Aussi cherchent-ils à tenir les naturels dans un état d'ignorance
et d'avilissement qui assure leur soumission. Pour être réputé Turc,
il faut être né dans les états du grand-seigneur, de parents mahométans.
Ceux qui sont déjà établis dans les états d'Alger cherchent à attirer
le plus grand nombre possible de leurs compatriotes dans un pays
où il leur est important d’être en force pour jouir plus sûrement
des avantages immenses que la loi leur accorde. Ils ont à cet effet
plusieurs places de recrutement : Smyrne et Alexandrie sont les
principales. C’est là surtout que tous les autres moyens de séduction
sont employés. Ceux qui y cèdent le plus communément n’y ont pas
grand mérite, étant pour la plupart des hommes souillés de crimes;
ces transfuges trouvent à leur arrivée que les effets ne répondent
pas aux promesses qu’on leur a faites. Le plus grand nombre reste
assez longtemps dans une position assez voisine de la misère.

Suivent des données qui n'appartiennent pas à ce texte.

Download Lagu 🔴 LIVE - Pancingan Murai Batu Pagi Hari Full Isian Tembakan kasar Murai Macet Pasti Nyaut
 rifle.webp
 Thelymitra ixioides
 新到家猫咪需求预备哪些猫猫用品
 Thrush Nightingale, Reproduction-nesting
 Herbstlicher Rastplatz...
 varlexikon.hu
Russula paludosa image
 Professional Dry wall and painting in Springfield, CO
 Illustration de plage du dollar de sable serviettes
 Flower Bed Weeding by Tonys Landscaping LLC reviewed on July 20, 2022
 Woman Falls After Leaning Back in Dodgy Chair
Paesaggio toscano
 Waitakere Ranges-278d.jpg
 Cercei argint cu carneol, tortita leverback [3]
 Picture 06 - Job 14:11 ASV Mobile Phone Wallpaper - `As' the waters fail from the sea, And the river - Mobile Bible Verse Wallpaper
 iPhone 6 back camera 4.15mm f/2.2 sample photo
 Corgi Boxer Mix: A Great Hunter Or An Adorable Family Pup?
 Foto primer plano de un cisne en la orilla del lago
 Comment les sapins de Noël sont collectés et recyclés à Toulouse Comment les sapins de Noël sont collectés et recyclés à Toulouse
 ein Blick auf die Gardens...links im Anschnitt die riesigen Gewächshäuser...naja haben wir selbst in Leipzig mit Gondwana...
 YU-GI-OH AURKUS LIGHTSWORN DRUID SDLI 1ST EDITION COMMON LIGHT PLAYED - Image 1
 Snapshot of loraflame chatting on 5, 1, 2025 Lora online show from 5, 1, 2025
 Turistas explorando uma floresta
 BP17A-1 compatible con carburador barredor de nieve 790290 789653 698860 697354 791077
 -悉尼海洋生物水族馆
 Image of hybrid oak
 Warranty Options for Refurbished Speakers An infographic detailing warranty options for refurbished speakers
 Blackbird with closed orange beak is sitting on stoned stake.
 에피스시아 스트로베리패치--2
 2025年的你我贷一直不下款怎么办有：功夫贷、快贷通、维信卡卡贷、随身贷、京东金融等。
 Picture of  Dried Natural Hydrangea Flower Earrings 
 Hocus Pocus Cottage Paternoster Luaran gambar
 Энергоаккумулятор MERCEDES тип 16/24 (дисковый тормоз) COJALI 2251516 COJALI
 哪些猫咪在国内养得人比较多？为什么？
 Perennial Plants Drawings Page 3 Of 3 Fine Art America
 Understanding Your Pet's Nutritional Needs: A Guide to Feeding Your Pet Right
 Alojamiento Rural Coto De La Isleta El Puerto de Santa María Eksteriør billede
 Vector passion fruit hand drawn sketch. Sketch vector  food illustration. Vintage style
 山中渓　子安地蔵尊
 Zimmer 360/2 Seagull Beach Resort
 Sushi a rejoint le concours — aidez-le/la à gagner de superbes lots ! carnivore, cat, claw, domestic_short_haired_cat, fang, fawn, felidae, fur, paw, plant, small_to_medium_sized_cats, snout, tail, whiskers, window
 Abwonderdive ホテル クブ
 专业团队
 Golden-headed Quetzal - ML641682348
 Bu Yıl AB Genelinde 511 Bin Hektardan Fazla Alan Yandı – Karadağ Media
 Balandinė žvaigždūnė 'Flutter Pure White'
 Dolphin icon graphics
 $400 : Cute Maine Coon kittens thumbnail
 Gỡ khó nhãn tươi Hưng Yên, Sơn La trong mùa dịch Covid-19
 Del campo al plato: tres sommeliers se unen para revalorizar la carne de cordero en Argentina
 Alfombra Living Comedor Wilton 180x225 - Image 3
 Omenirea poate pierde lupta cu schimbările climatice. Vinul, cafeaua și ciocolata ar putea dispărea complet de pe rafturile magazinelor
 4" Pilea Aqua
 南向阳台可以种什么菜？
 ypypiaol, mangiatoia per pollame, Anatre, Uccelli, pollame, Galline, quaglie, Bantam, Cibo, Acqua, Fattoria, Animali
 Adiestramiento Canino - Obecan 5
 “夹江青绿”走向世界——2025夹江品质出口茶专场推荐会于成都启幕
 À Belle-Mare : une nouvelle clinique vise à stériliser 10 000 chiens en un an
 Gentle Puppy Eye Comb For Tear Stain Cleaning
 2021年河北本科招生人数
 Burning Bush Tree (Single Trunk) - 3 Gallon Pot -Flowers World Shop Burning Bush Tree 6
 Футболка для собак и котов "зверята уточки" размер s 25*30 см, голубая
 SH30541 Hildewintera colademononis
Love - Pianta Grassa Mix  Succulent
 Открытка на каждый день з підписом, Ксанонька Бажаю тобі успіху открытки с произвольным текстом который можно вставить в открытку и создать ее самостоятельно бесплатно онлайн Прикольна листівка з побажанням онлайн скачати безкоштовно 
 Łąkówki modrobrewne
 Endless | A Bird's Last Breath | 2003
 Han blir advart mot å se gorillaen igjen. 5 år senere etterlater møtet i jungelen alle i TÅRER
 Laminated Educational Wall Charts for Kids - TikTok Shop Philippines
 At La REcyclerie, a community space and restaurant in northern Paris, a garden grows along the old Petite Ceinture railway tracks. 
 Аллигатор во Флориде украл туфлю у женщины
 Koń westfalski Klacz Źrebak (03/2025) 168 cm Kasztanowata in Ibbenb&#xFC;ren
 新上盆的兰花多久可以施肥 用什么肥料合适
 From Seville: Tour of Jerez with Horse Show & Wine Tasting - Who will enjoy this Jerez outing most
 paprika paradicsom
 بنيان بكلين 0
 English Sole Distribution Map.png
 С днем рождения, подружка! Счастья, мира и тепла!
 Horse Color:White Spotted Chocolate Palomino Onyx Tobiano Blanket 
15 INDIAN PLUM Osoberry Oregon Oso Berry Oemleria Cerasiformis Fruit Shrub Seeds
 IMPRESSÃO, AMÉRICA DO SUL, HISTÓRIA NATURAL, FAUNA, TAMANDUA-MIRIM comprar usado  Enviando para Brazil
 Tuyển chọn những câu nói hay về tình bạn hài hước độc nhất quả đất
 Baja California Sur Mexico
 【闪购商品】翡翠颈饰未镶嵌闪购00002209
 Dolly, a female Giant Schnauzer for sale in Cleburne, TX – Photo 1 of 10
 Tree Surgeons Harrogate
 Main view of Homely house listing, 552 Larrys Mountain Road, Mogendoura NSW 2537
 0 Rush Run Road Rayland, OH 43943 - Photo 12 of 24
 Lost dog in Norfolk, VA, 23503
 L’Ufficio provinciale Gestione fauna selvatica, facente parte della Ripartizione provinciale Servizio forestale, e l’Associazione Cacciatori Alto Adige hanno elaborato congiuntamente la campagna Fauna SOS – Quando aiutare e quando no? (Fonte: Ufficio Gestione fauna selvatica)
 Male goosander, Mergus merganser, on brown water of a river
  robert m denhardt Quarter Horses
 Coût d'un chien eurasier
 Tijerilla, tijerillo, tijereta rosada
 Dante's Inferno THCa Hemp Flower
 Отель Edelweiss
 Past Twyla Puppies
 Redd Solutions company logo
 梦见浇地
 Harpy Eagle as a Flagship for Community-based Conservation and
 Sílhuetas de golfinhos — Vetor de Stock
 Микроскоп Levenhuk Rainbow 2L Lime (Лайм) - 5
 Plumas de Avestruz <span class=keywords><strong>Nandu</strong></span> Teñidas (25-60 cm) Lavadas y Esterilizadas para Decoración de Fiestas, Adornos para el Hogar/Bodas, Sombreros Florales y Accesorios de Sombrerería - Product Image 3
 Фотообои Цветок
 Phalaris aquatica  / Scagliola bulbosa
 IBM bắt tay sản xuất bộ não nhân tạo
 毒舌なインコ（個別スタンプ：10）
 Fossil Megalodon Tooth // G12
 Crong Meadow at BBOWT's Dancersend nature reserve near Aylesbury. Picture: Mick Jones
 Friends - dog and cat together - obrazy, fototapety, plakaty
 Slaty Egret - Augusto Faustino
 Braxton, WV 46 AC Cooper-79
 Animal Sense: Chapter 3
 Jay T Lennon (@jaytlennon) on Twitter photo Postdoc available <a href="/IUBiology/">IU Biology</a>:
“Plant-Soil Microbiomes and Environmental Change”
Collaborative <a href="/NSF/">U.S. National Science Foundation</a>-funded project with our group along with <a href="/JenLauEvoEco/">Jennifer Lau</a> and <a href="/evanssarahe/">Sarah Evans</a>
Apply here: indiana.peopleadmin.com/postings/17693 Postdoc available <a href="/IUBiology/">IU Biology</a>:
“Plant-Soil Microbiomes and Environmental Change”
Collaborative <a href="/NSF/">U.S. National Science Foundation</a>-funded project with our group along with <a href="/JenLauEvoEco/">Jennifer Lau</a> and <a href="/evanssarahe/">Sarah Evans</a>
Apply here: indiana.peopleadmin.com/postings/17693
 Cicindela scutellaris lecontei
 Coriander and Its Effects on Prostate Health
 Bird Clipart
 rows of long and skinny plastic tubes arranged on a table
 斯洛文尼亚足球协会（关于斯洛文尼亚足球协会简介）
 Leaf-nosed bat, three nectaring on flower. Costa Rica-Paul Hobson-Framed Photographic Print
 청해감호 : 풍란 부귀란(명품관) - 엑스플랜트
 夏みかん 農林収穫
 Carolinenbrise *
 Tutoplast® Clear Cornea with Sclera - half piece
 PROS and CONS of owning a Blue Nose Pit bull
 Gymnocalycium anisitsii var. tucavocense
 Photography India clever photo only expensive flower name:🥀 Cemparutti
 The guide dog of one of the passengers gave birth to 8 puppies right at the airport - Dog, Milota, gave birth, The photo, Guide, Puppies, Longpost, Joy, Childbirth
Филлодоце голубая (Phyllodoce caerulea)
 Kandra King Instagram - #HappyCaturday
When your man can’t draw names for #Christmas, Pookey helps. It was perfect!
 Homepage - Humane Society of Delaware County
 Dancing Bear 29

Ceux
d’entre eux qui n’ont aucune industrie et qui ne veulent pas se
contenter de la paie et de l’existence
de soldat, se répandent dans les campagnes où ils exercent un brigandage
sur lequel le gouvernement est forcé de fermer les yeux.
Les
Turcs se croient fort au-dessus des maures, des chrétiens et des
juifs ; on ne peut cependant les accuser d'intolérance. Ils sont
en général ignorants, paresseux, jaloux à l'excès, et surtout très
adonnés au plaisir, mais en même temps pleins d'honneur, de courage
et de loyauté ; l'inaction est pour eux le souverain bonheur. Étendus
nonchalamment sur des tapis, ils y passent des journées entières
dans la même position. Là, tout leur temps se partage entre le plaisir
de fumer, de prendre du café, de parfumer
leur barbe, et les délices d’un sommeil embelli de songes voluptueux,
que leur procure l’usage de l’opium. Telles sont les jouissances
du riche ; et celles du pauvre sont à peu près les mêmes : la seule
différence est que l’un les trouve chez lui, et que l’autre va les
acheter dans un café. Les plus actifs d’entre eux sont ceux qui,
pour charmer leur inutilité, vont dans les rues, jouir du plaisir
d’observer les passants. Leur amour pour les femmes tient de la
fureur ; quand ils ne sont pas auprès d’elles, leur plus grand plaisir
est d’en parler ; et la jalousie les porte souvent à commettre les
plus grands crimes. Au reste, les moyens de vigueur qu’on leur suppose
n’existent effectivement que chez quelques uns, mais à un degré
en effet très remarquable ; mais cet avantage n’est pas de longue
durée. Il est dans la nature d’abuser de la force, et en général
les Turcs jouissent de trop bonne heure de tous les plaisirs pour
en jouir bien longtemps .
Une
parcimonie qui tient de l'avarice, est le défaut le plus commun
à ce peuple ; on doit l'attribuer à l'état de misère dans lequel
les Turcs ont vécu d'abord. Une excessive économie leur devient
dans la suite presque nécessaire. J'ai dit qu'ils étaient fort tolérants
; on a vu des maîtres exiger de leurs esclaves chrétiens la plus
grande exactitude à remplir les devoirs de leur religion. Ils méprisent
fort les renégats, qui sont ici en assez grand nombre.
Il
y en a ici de deux espèces, les
chrétiens et les juifs. Les mahométans dévots
pensent que ceux-ci feraient mieux, avant de se réunir à eux pour
laver leur tâche originelle, d’embrasser préalablement le christianisme.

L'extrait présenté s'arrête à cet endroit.